Whats jokes
What is a little zombie's favorite stuffed animal?
It's a deady bear.
What is 6-inch long, in every men's pants or hands, and girls want?
- A smartphone, freak.
What did the computer say when it was tired of the user?
Kiss my ASCII!
What is a Christian's favorite social networking site?
Faithbook!
What do you call a lesbian pirate?
Red Beard.
What do black lesbians say about pussy?
"Smells like chicken, tastes like chicken."
What’s black and white and red all over?
A Milano’s cherry.
What’s the difference between Jesus and a prostitute?
The look they give you while you’re nailing them.
Three nuns die in a car crash, but they all make it to heaven. They're standing at the pearly gates, and Saint Peter says to them, "Don't worry, you're going to get in, but first I need you to answer these questions."
He asks the first nun, "What was the name of the first woman?" The nun says, "Eve." Saint Peter says, "Go on in."
Then he asks the second nun, "Where did Adam and Eve live?" The second one says, "The Garden of Eden." Saint Peter says, "You can go through."

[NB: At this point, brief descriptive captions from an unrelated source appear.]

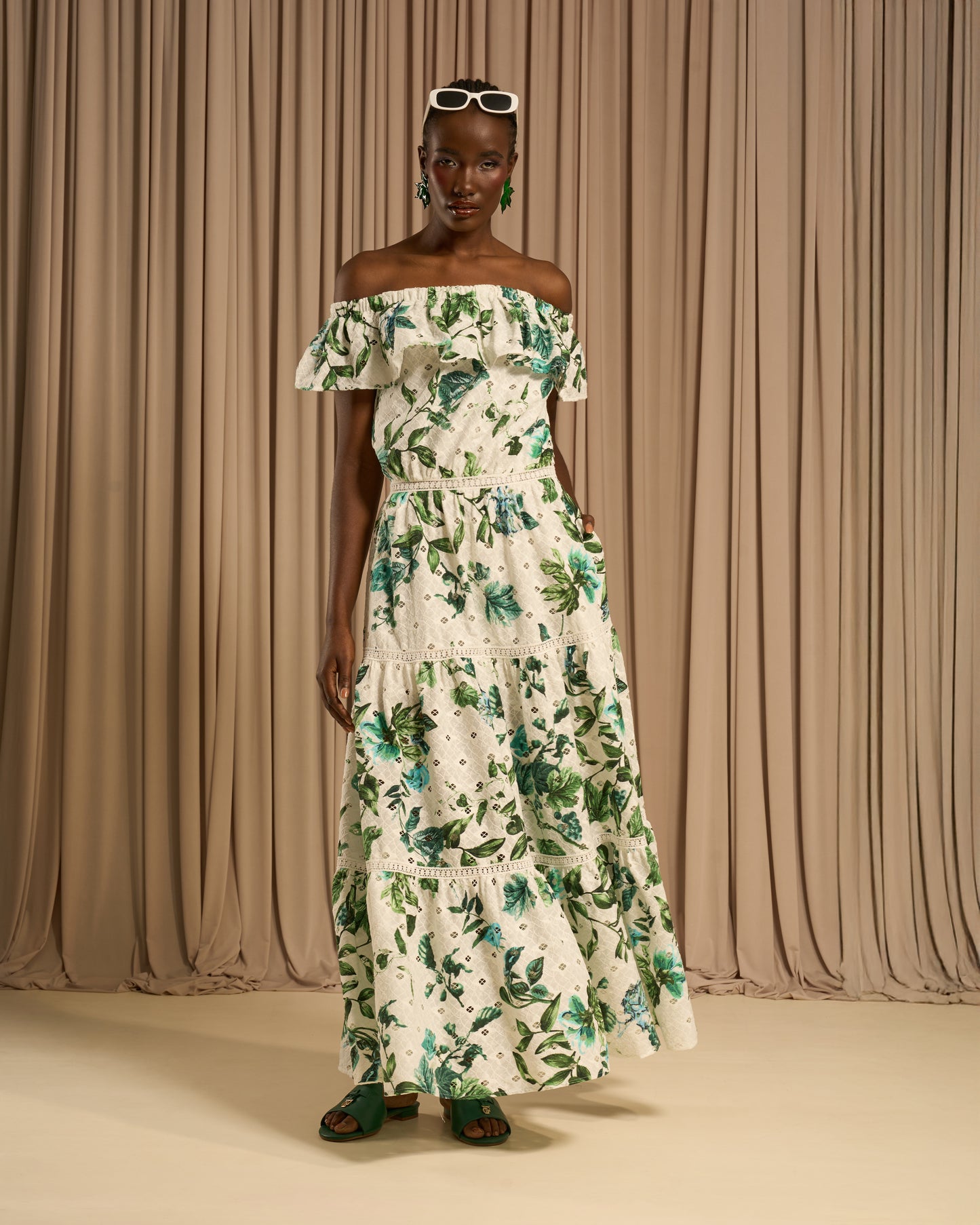 Off Shoulder Tiered Maxi Dress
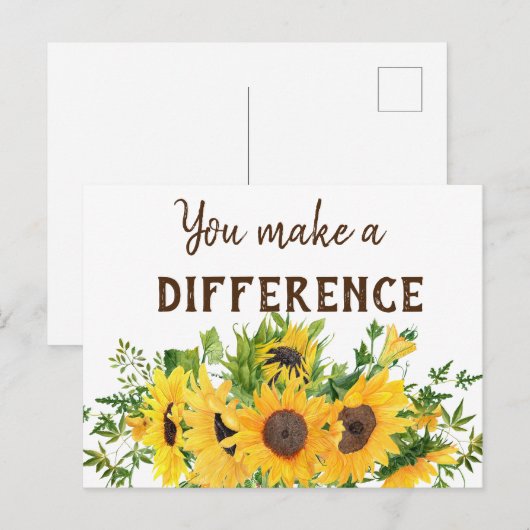 Zonnebloemen met de quote Jouw Actie Telt Briefkaart (Voorkant / Achterkant)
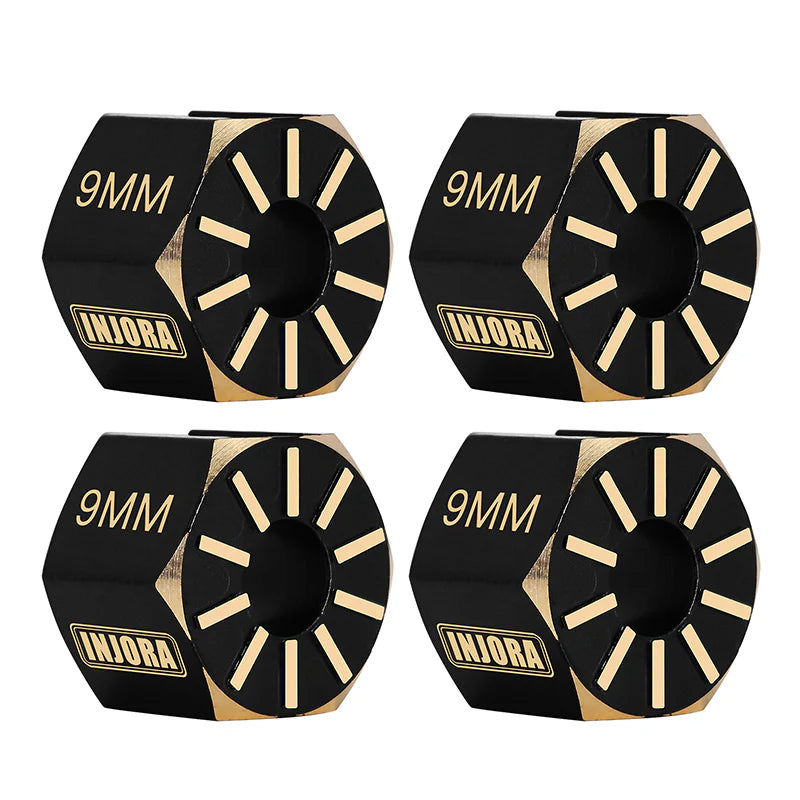 INJORA Black Brass Wheel Hex Hub Extenders for Axial SCX10 PRO SCX10 III UTB10 Capra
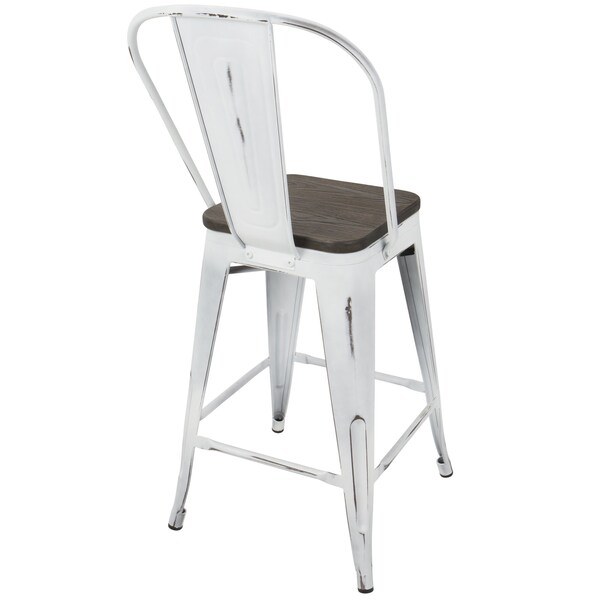 Lumisource Oregon High Back Counter Stool in Vintage White and Espresso, PK 2 - CS-ORHB VW+E2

Finally, he gets to the third nun and says, "What was the first thing Eve said to Adam?" The nun stands there a little confused and says, "Boy, that's a hard one." Saint Peter, shocked, goes, "That's correct! Go on in."
What’s the best thing about a blowjob?
The ten minutes of silence.
What attracted Jeffrey Dahmer to abortion clinics?
- He smelled veal.
What did Jeffrey Dahmer do when done with his black dates?
He dumped them.
Fritz Cheng was asked to write three articles on the subject. He went to his grandmother and advised her: "Question: Kill people! I am sorry, Mr. Fritz, I am looking for his brother—what do you suggest?"
Brother: "I'm Superman. I am Superman!"
Fritz remembers entering the room. That's Alfredo's question in front of the TV: "Do you have any advice?"
Fritz tells a story from his school days. "Remember our words?" said Professor Fleck. "An artist? Is that true? Frison, who are you?"
"I am Superman. I'm Superman," he said. "I hope to meet the president."
What is a Jamaican's idea of a balanced diet?
A joint in each hand.
What's the difference between a sidewalk, a drug dealer, and a prostitute?
A: A sidewalk's crack doesn't leave an odor!
What does an orphan call a family photo?
A wishlist.
What was racing through people's minds during 9/11?
Probably a plane. (:
What is the most unrealistic thing about Harry Potter?
A ginger with friends.
Q. What movie is a fat person most afraid of?
A. The Hunger Games.
What happens if you look in the mirror and say fentanyl 3 times? You'll see Derek Chauvin kneeling on George Floyd's neck.